_WHAT THE TASK REQUIRES_
For each line of the data below, test for "Super". Report only the number of lines that pass.

*** PROVIDED RECORDS ***

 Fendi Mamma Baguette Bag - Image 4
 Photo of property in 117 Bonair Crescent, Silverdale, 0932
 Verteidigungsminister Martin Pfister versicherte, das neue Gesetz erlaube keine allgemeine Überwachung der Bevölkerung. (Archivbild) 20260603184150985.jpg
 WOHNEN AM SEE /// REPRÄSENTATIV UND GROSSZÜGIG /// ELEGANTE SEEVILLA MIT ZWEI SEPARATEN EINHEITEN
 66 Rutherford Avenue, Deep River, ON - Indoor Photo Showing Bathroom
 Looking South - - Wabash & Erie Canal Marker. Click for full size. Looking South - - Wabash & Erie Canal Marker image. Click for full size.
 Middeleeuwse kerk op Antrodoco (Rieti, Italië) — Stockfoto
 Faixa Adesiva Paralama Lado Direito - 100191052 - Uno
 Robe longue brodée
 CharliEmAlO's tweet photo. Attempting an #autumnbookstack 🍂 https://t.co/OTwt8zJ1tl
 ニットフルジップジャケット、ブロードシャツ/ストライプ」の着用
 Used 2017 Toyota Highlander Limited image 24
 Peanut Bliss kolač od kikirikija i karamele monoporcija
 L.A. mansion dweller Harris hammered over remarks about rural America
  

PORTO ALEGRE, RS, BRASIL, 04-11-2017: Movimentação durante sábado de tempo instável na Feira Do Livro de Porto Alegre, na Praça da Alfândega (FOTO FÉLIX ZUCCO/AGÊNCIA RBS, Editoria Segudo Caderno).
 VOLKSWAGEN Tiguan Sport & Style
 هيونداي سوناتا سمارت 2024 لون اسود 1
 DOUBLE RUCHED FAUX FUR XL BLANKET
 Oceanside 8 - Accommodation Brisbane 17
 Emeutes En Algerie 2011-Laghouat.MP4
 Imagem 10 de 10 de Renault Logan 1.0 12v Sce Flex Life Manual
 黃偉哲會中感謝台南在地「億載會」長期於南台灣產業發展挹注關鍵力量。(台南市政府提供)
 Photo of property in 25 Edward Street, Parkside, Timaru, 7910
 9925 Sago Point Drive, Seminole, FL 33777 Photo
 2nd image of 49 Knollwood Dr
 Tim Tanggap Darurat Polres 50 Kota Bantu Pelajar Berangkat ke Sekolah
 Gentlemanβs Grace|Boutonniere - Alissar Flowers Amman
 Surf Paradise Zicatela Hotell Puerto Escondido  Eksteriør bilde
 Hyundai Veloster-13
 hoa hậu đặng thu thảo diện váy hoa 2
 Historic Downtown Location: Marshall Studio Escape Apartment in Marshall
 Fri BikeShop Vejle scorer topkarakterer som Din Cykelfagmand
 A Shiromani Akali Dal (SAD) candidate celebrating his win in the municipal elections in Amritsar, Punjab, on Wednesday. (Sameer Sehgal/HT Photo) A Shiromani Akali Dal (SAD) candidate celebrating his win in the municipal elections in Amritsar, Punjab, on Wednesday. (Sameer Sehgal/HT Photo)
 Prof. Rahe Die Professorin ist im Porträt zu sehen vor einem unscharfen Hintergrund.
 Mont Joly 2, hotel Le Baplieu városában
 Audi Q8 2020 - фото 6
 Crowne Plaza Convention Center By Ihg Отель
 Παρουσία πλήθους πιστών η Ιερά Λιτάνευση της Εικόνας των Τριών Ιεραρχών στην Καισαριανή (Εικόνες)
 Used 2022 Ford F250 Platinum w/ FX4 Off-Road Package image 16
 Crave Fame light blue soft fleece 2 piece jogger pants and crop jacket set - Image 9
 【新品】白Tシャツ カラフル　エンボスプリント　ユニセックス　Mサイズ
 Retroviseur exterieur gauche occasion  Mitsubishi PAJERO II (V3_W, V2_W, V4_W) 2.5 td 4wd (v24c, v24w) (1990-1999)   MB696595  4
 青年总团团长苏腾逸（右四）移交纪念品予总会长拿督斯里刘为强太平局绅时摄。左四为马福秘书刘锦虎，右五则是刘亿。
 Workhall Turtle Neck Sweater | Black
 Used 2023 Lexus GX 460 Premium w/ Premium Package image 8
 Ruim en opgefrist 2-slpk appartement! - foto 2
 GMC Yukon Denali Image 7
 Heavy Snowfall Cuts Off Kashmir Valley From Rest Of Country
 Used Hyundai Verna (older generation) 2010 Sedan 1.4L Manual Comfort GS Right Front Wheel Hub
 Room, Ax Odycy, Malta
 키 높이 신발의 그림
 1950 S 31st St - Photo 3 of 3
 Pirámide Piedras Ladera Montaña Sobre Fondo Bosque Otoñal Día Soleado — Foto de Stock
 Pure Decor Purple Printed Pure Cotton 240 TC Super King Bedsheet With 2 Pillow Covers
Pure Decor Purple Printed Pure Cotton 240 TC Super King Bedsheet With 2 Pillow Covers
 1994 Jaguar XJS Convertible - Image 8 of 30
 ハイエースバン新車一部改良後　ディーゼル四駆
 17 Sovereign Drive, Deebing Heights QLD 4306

*** End of PROVIDED RECORDS ***

_ANSWER SECTION_
2